Her intuitive and inclusive designs appeal to a broad demographic. While the brand’s core age bracket is 32 to 45 years, customers range from teens to 50s: ‘I remember seeing a 20-year-old wearing a pair of my palazzo pants with a crop top.’ It’s a fanbase as committed as it is varied; devoted customers even have a WhatsApp group where purchases and styling tips are discussed. It’s this loyalty that has meant Kemi Telford’s growth is due to word of mouth; the brand only began paying for advertising in late 2020.
‘Without the community I have no business,’ says Telford, who is as dedicated to her fans as they are to her. While she’s on first-name terms with her longtime customers, every time a new one buys a piece from her website, before shipping it, she phones them to check they’ve picked the right size. When a design flaw meant a dress faded in the wash, she refunded everyone and called them to explain how to ensure the colour stuck: ‘I had to in order to sleep well at night.’

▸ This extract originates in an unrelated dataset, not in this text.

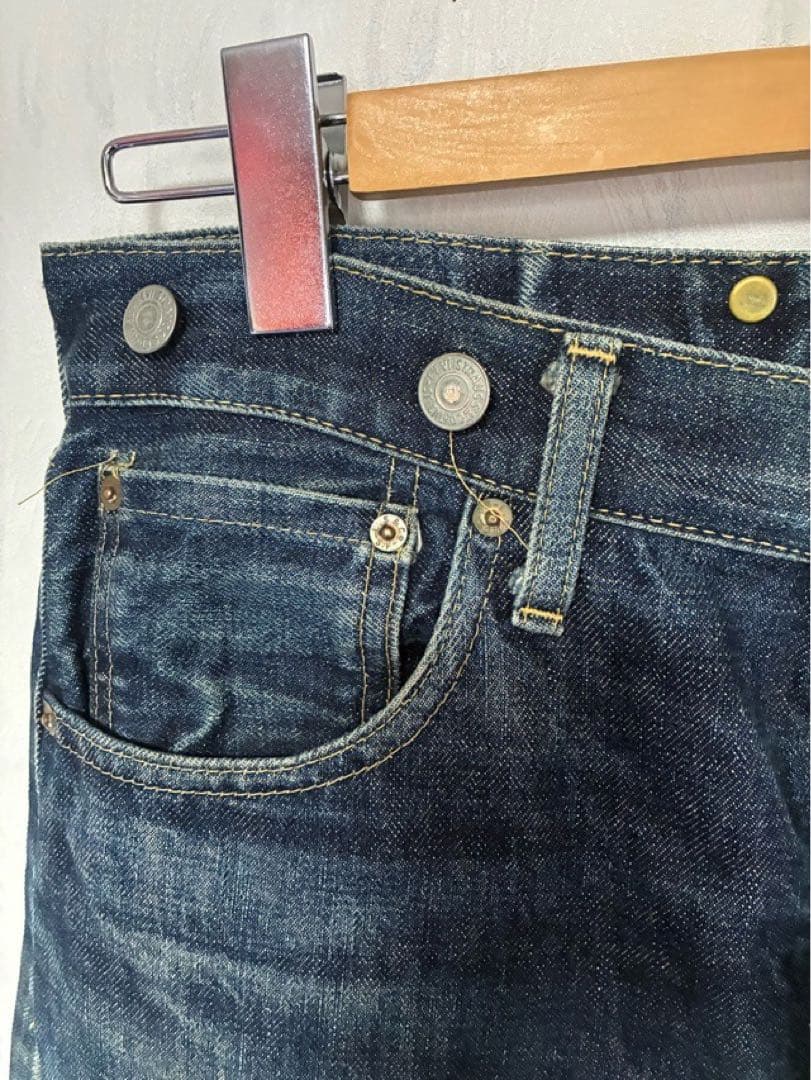 LEVI'Sリーバイス S702xx ジーンズ デニム W31 日本製 90s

Being able to sleep well is also why Telford operates her business responsibly, from plastic-free packaging to making patchwork dresses out of leftover fabric. ‘I’ve got young children so I need to think about the planet.’ She pays above minimum wages to manufacturers and gives financial support to those she can – even eschewing profit to do so. ‘Kemi Telford is about doing the right thing, it’s not about profit. Helping people gives me joy.’
And us, too. From her smile-inducing clothes to her big-hearted brand, Yvonne Telford is having a great time – and she’s making sure everyone else is as well.